In the late 1930's, Stinson saw the need for an aircraft which was lighter and cheaper than the SR-10 Reliant. They designed the HW-75 (also designated Model 105) which was a side-by-side two-seater with a strut-braced high wing and fixed tail wheel undercarriage. The prototype HW-75 (NX21121 c/n 7000) was powered by a 50 hp Lycoming engine, but the design was intended for greater things and the 276 production aircraft (c/n 7002 to 7277) were built as a three-seat machine with a 75 hp engine. The type certificate was issued on May 20, 1939 and a considerable number of 105s were delivered with both the Lycoming engine and also (as the HW-80) with an 80 hp Continental A-80-6.
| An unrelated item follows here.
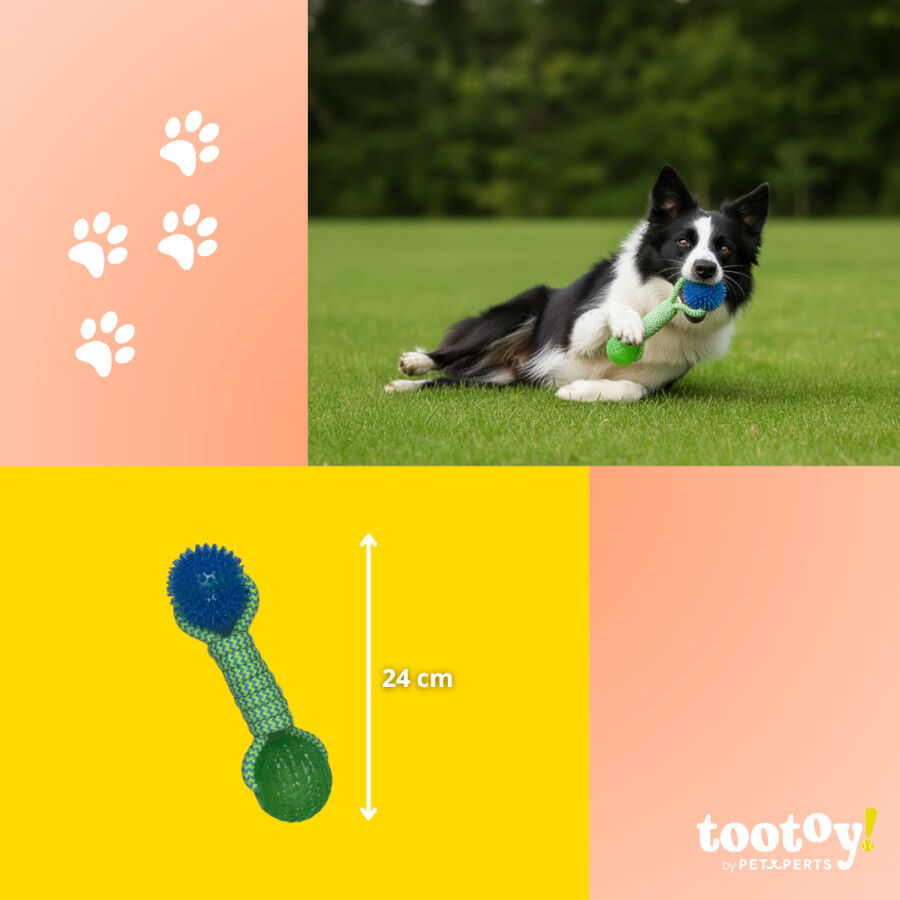 Tootoy! Pull Brinquedo de corda com duas bolas para c&atilde;es, , large Imagem n&uacute;mero 4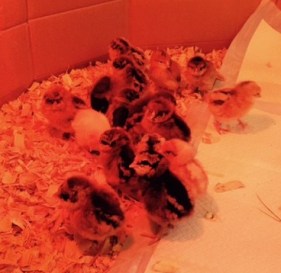 chicks2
The Model 105 was followed by the Model 10 Voyager which was generally similar, but incorporated a wider four-seat cabin and modified engine cowling design, 260 Model 10s (c/n 7501 to 7760) were built. The Model 10A was fitted with a 90 hp Franklin 4AC-99 engine and had a 45 lb (20 kg) higher takeoff gross weight, the Model 10B had a 75 hp Lycoming GO-145 engine. Of the Models 10A and 10B a total of 515 aircraft were produced (c/n 7761 to 8275).
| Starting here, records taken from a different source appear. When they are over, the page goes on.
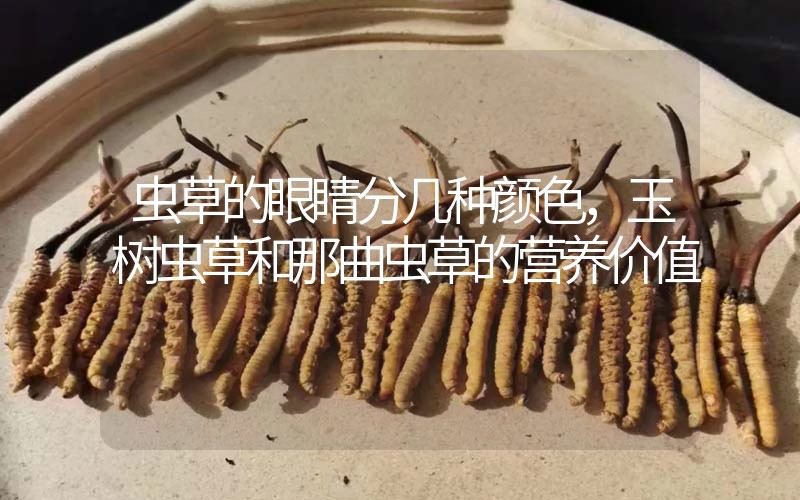 蟲(chóng)草的眼睛分幾種顏色，玉樹(shù)蟲(chóng)草和那曲蟲(chóng)草的營(yíng)養(yǎng)價(jià)值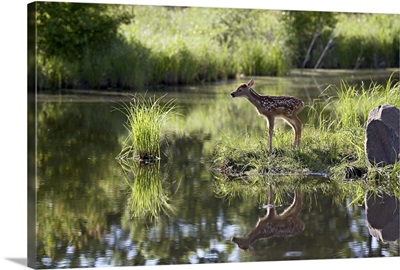 Whitetail deer fawn with reflection, in captivity, Sandstone, Minnesota
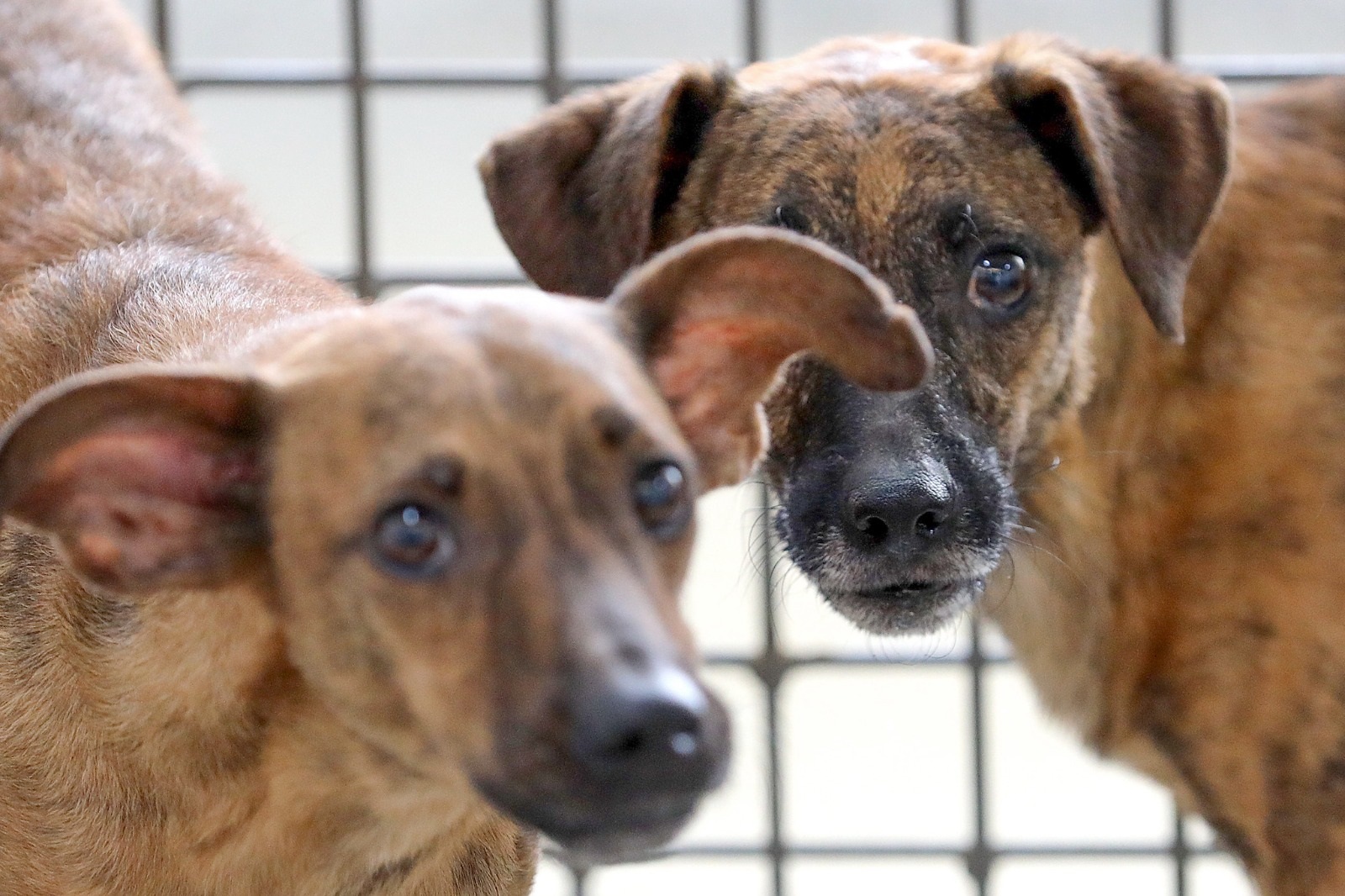 Bem-Estar Animal de São Borja ainda possui vagas para castração gratuita de cães machos
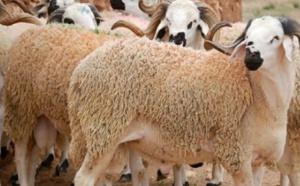 ​Une série de mesures  pour l’Aïd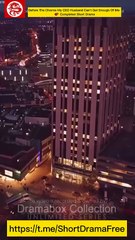 Before The Divorce My Ceo Husband Can't Get Enough Of Me 💕 Completed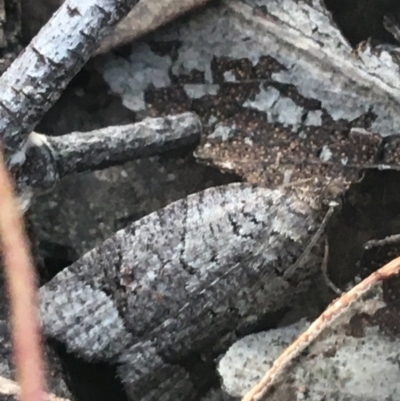 Meritastis lythrodana (A tortrix or leafroller moth) at O'Connor, ACT - 26 Mar 2021 by NedJohnston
The advent of war called a halt to civil production of the Model 10 although a number of these aircraft were delivered to the USAAC as the AT-19A (later
L-9A). Stinson, as a division of Consolidated Vultee (Convair) then embarked on production of the Model 76 (the L-5 military cooperation aircraft) which was virtually a direct adaptation of the Model 10A with an 185 hp Lycoming
O-435-A engine and an extensively glazed cabin area.
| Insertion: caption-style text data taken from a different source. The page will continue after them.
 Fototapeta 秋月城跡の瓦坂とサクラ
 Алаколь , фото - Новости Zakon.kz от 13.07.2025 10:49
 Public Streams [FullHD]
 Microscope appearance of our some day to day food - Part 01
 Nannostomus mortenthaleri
In 1945, with L-5 production at an end, Stinson announced the postwar Voyager, the Model 108. This was, in fact, a rather larger aircraft than the Model 10 with seating for four people and an 150 hp Franklin 6A4-150-B3 powerplant. The Model 108 was built of steel tube and fabric with an all-metal tail unit and was offered in standard trim or as the "Flying Station Wagon" with a utility interior. The final variant of this model featured an enlarged tail unit to compensate for the higher power of its 165 hp Franklin engine.
The pictured aircraft was built in 1941 and originally fitted with a 90 hp Franklin 4AC-99 four-cylinder horizontally-opposed air-cooled engine that eventually was replaced by a 90 hp Warner SS40/50 seven-cylinder air-cooled radial engine.